EXERCISE
For the entries below, say how many lines include the word "Black" and add nothing else.

[Opening DATA FOR THE TASK section]

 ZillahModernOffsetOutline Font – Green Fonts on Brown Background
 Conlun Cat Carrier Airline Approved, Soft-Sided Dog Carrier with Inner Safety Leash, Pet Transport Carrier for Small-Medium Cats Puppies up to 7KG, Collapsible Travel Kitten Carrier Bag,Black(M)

[Closing DATA FOR THE TASK section]
[Opening DATA FOR THE TASK section]

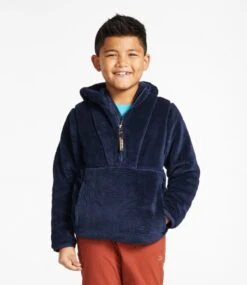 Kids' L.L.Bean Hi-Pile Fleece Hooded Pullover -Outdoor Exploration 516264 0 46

[Closing DATA FOR THE TASK section]
[Opening DATA FOR THE TASK section]

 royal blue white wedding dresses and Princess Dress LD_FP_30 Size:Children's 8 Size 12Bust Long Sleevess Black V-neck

[Closing DATA FOR THE TASK section]

TASK RESPONSE
2